• **DATASET SECTION**
==================================================

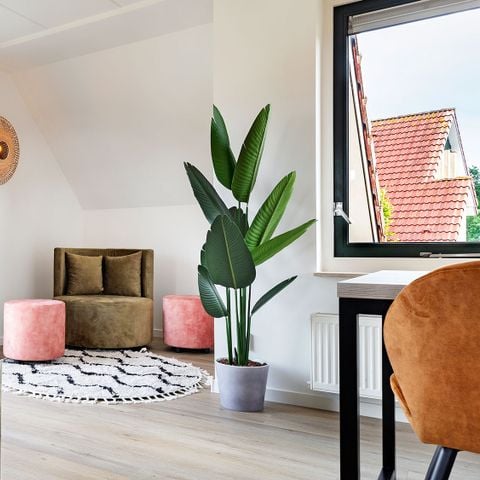 VAKANTIEHUIS 4 personen - Hunze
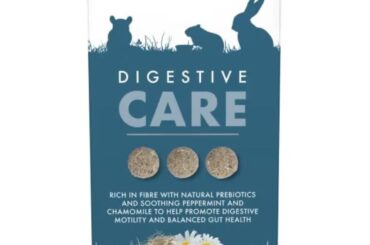 Digestive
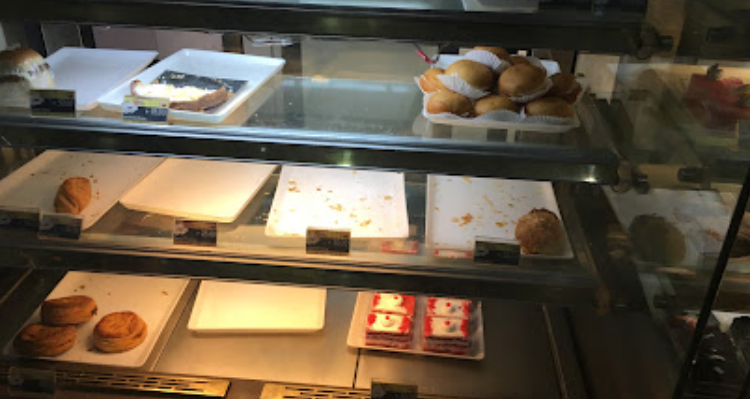 SRD Repose Baker's Special - Guwahati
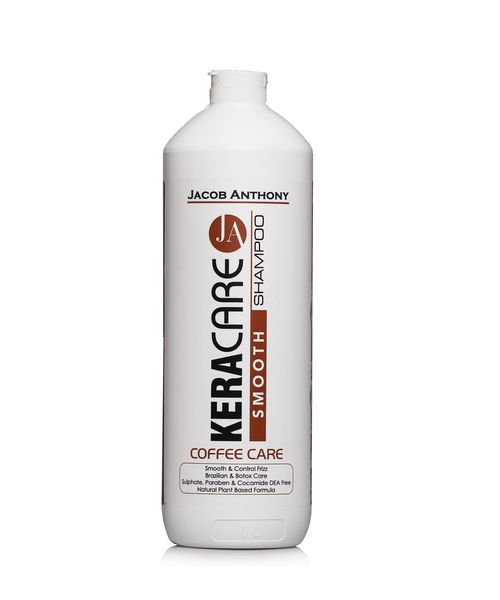 Jacob Anthony Coffee Care Shampoo 1L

==================================================

• **INSTRUCTIONS TO FOLLOW**
Starting with the line that holds "SRD Repose Baker's Special - Guwahati", copy every line exactly through the final line of the material, but skip the pictures.

• **YOUR SOLUTION**
 SRD Repose Baker's Special - Guwahati
 Jacob Anthony Coffee Care Shampoo 1L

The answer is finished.